Ah, okay I get it! PrEP taken by HIV-negative people, if taken every day, can protect people from being infected with HIV. This is great! I do not need to use condoms! Well, you still need to use condoms because PrEP does not protect you from other sexually transmitted infections such as syphilis or gonorrhoea. PrEP also does not protect you from unwanted pregnancy. In fact, PrEP is an extra HIV prevention option. It is not a stand-alone intervention to prevent HIV, it is part of a combination prevention package which includes condoms, PEP, voluntary medical male circumcision, counselling for safe sex, treatment for other sexually transmitted infections, and ART for people who have HIV already.
So, why NOT PrEP? PrEP works, PrEP is safe, people can adhere to taking PrEP every day, PrEP does not lead to more drug resistance, PrEP can be taken with alcohol, PrEP doesn’t lead necessarily to more high-risk behaviour, and best of all – PrEP is FREE at public health facilities!
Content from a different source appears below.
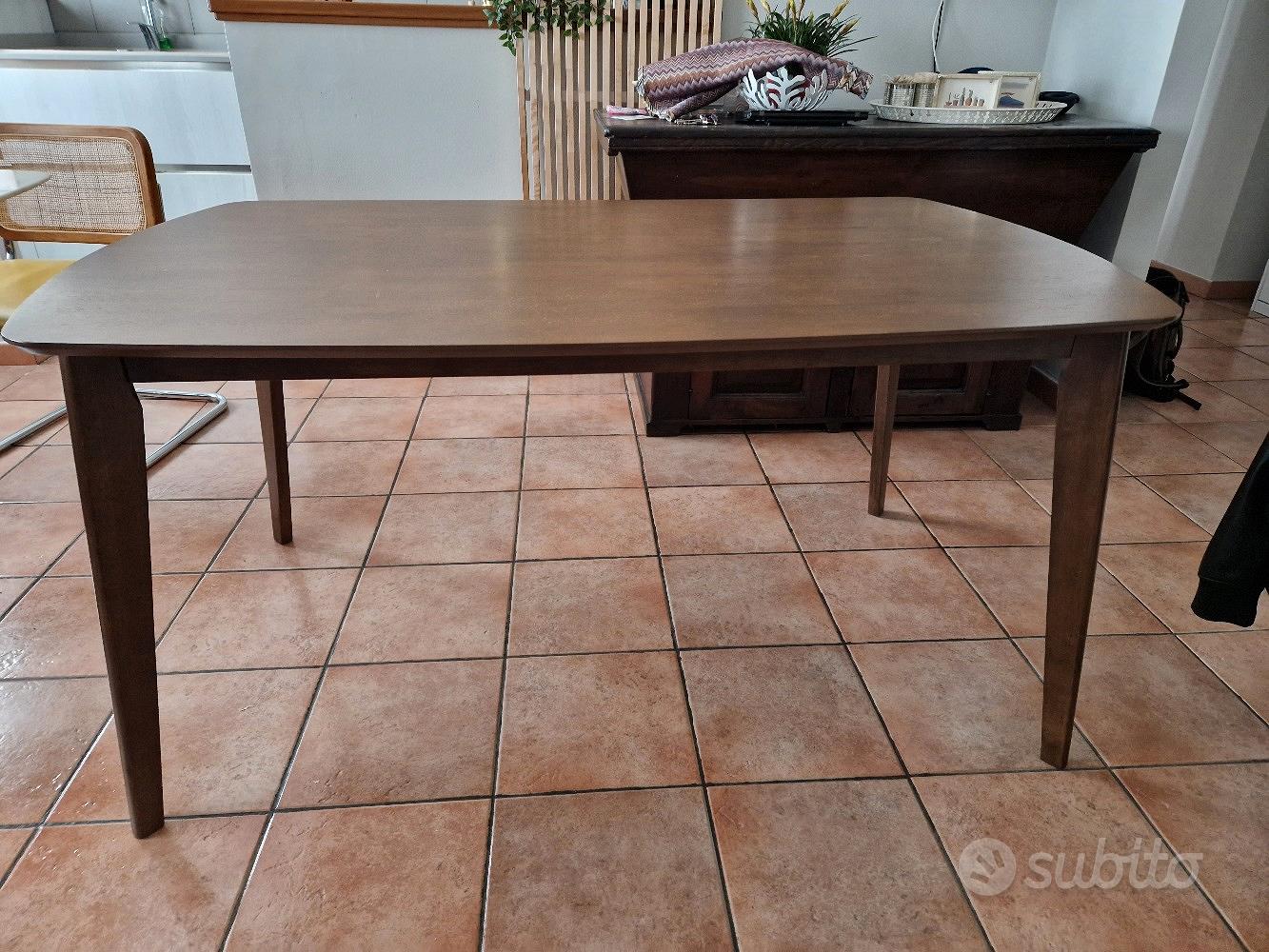 Tavolo in legno - Arredamento e Casalinghi In vendita a Milano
No more BUT’s, let’s get PrEPed!
If you think you’re at substantial risk of HIV infection, talk to your healthcare provider or doctor.
* Dr. Steven Y. Hong is Deputy Chief of Party at The Society for Family Health in Namibia.
He is a medical doctor from the United States who specializes in Infectious Diseases and holds a Masters of Public Health.
The Society for Family Health is one of the first Namibian organisations that assisted the Government of the Republic of Namibia with implementation of PrEP in the Public Health Sector focusing primarily at those most at-risk of HIV acquisition.